200 liralık banknotları henüz elime almış değilim, lakin sosyal medyada görünce şimdiye kadar bilmediğim için hayıflandım. Zira banknotun arkasında Yunus Emre’nin temsili çizimi ile birlikte onun dizelerinden “Sevelim sevilelim” yazısı varmış.

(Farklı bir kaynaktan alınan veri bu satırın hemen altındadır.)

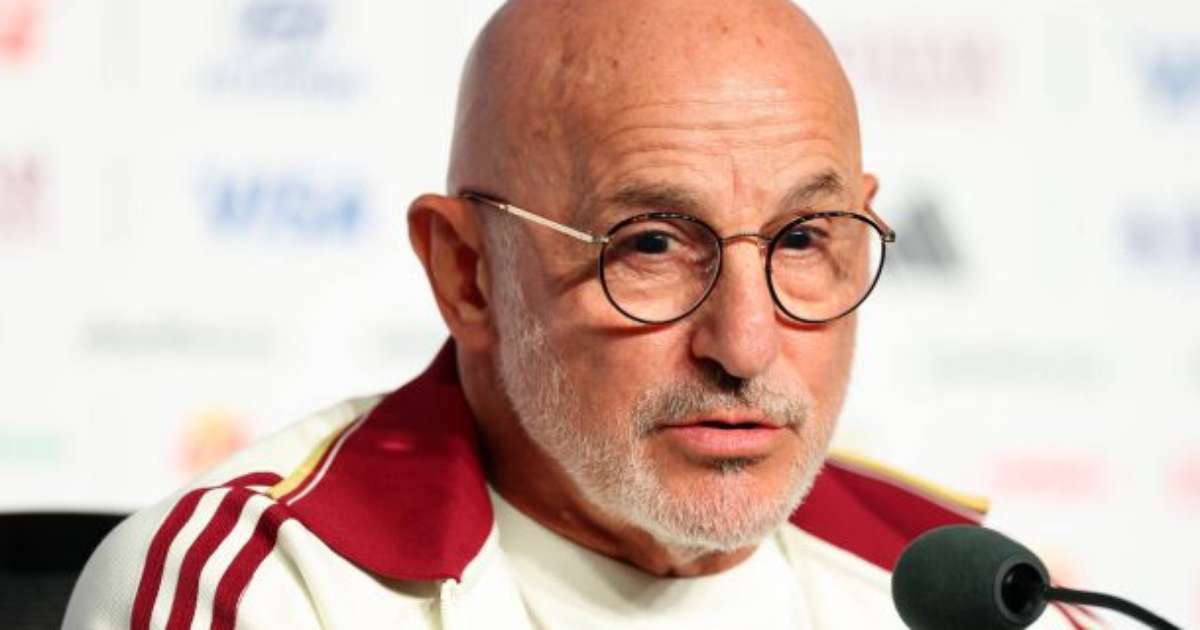 De la Fuente confirma mudanças na Espanha e garante Yamal: "Está bem"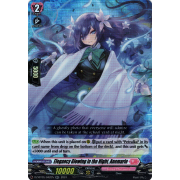 DZ-BT05/042EN Elegancy Glowing in the Night, Anemarie Double Rare (RR)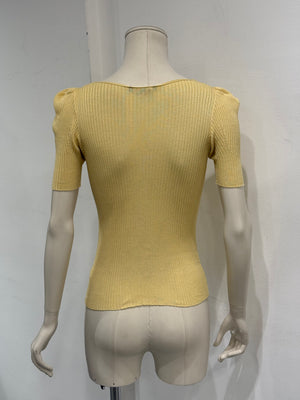 2000s Gucci by Tom Ford silk top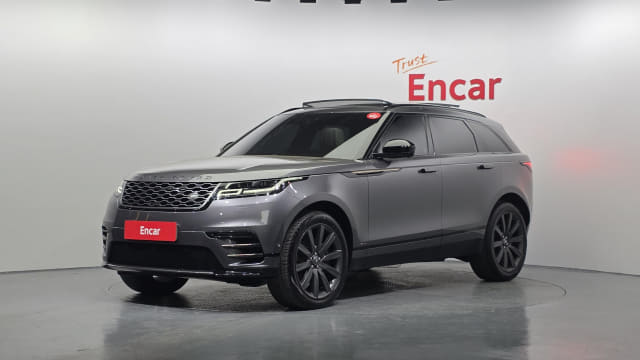 2019 LAND ROVER RANGE ROVER VELAR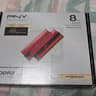 PNY XLR8 8GB (2x4GB) DDR3-2133 Ram kit MD8192KD3-2133-R-X10-Z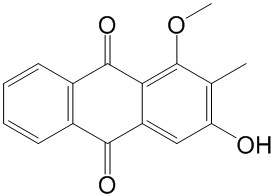 甲基异茜草素－1－甲醚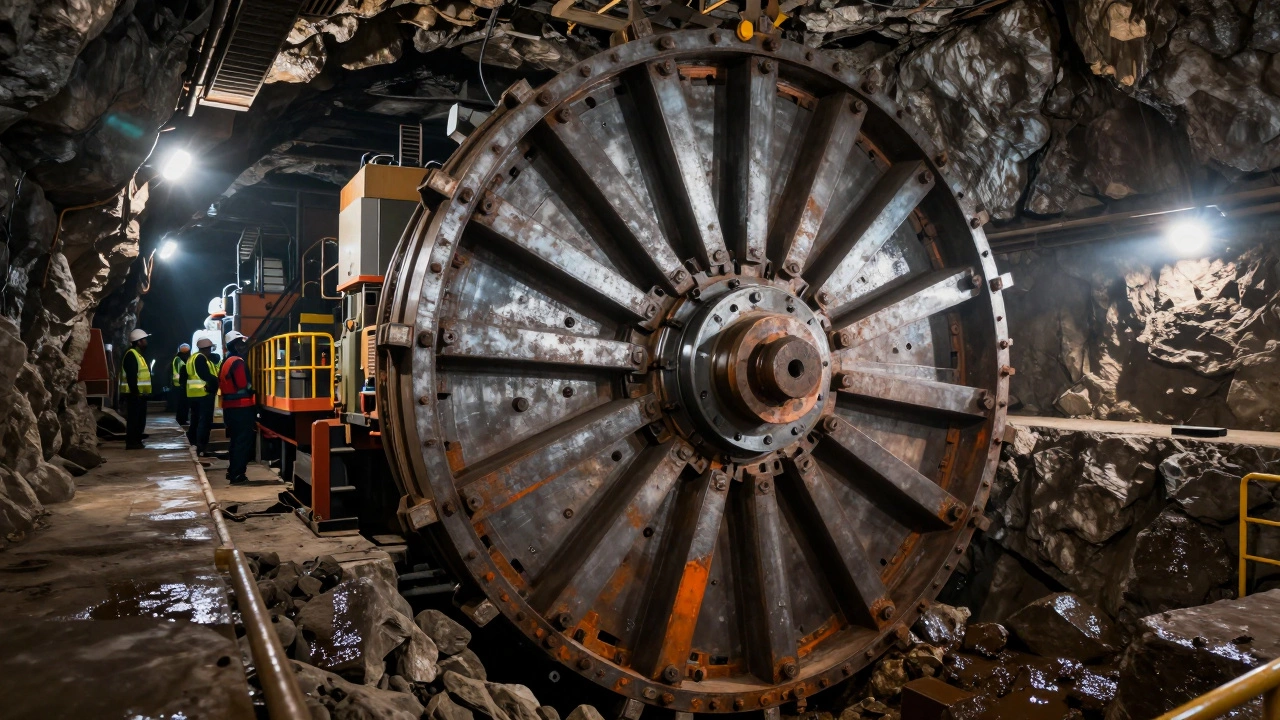Top Tunnel Boring Machine Manufacturers in India: Key Players and Projects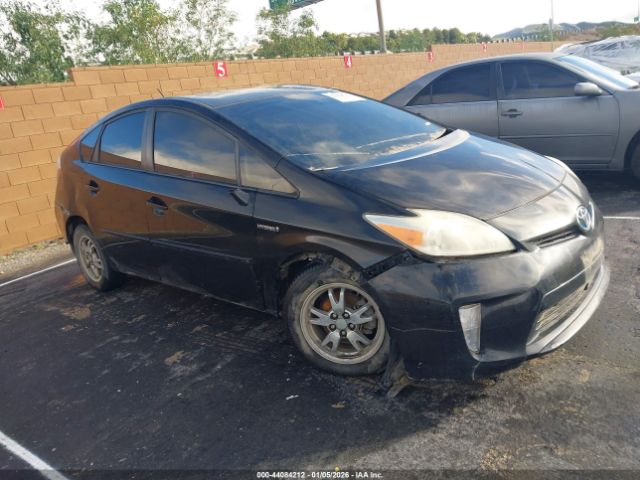 Toyota Prius Two Image 1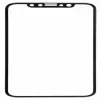 EVELATUS Apple iPhone XR/11 Protector de pantalla Privacy 2.5D Silk Full Cover Japan Glue antiestático
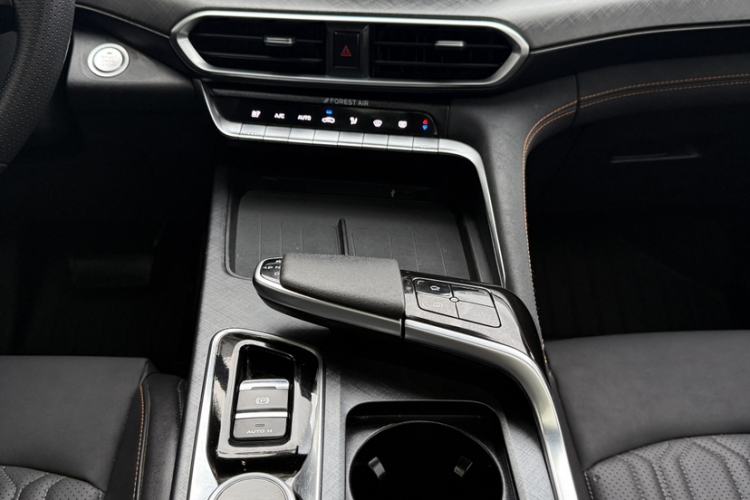 Used Changan UNI-T 2022 1.5T Prestige Version
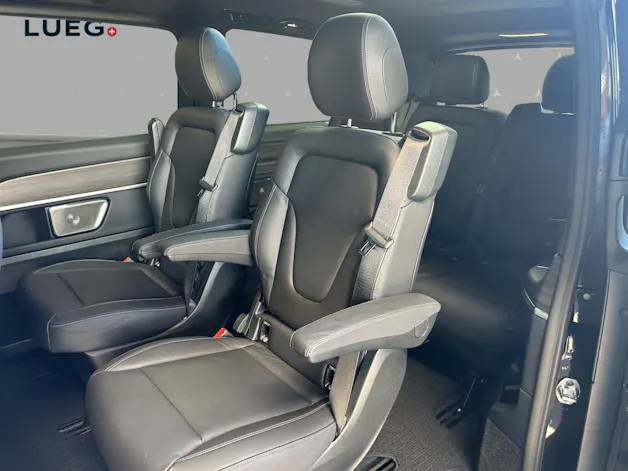 MERCEDES-BENZ V 300 d lang Avantgarde 4Matic 9G-Tronic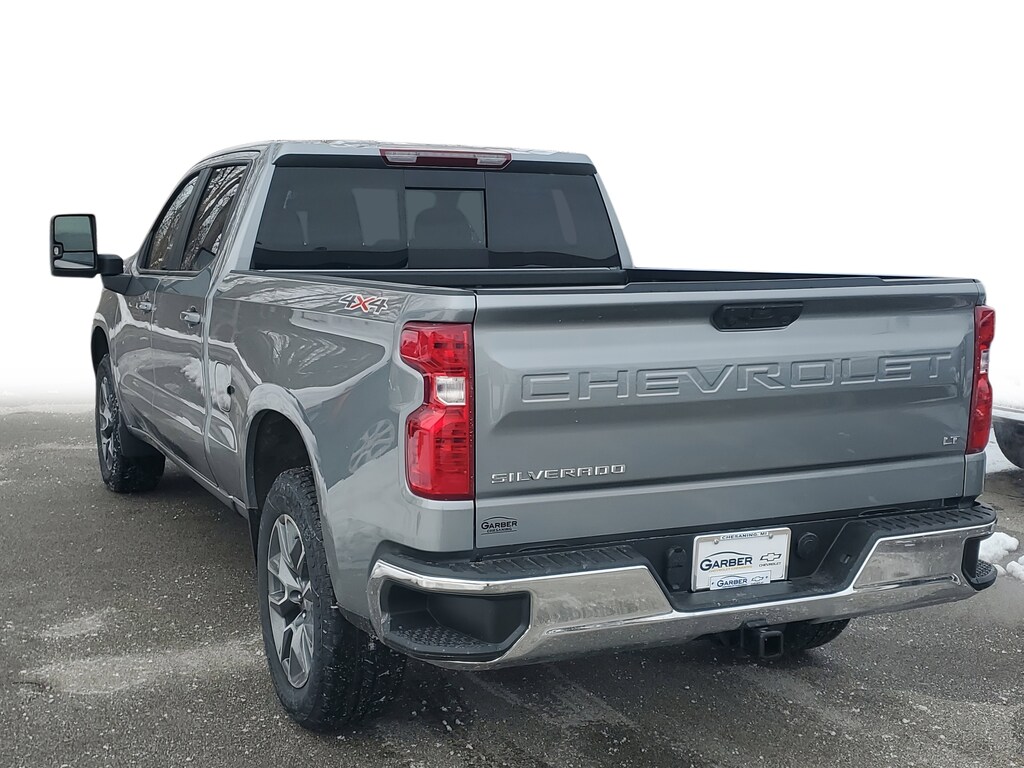 New 2026 Chevrolet Silverado 1500 LT Truck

İki yazısından birinde Anadolu’nun sırlı mayasının tabirlerini anlamaya çalışan ve ümmi halimizle konuştuğumuz kalp diline ‘Yunusça’ diyerek, bugünün ruhunda hangi manaları ihtiva ettiğini, hayatta ve sanatta nasıl güncellenmesi gerektiğini düşüneyazan biri için evet epey geç kalmış bir müjdeydi bu.
***
Para nihayetinde altın gibi değerli bir maden değil. Ederi yok. Kağıt parçası. Ama banknot olunca hayatımızda somut bir değere karşılık geliyor. İşte böyle bakınca Yunus Emre gibi bir değerimizin de nihayet bazı bilim adamları, sanatçılar, devlet adamları veya önemli şahsiyetler gibi kamusal alanda ‘tüketime’ girdiğine sevinmek gerekiyor.
Sevinmek de yetmiyor elbet. Sevelim sevilelim! Ama nasıl? Zira Yunus’un diğer sözleri gibi “sevelim sevilelim” de öyle iki kelimeyle yazınca gerçekleşecek basit bir eylem değil. Aktarması çok kolay olsa da, sevmeyeceğin bir zerre kalmayana kadar sevmeyi başardığında (sevilen) olmanın şuuruna varmak filan derken… Kolay olmuyor hiçbirimiz için.
Zaten sevelim deyince pamuk dede misali celal isimleri hiç yokmuş gibi, yumuşacık, neredeyse kaderci bir tembellik ile anti depresan haplarını yutup gereksiz tebessümler dağıtan bugünün elemanları gibi yapınca sevmiş sevilmiş olacağız sanılıyor.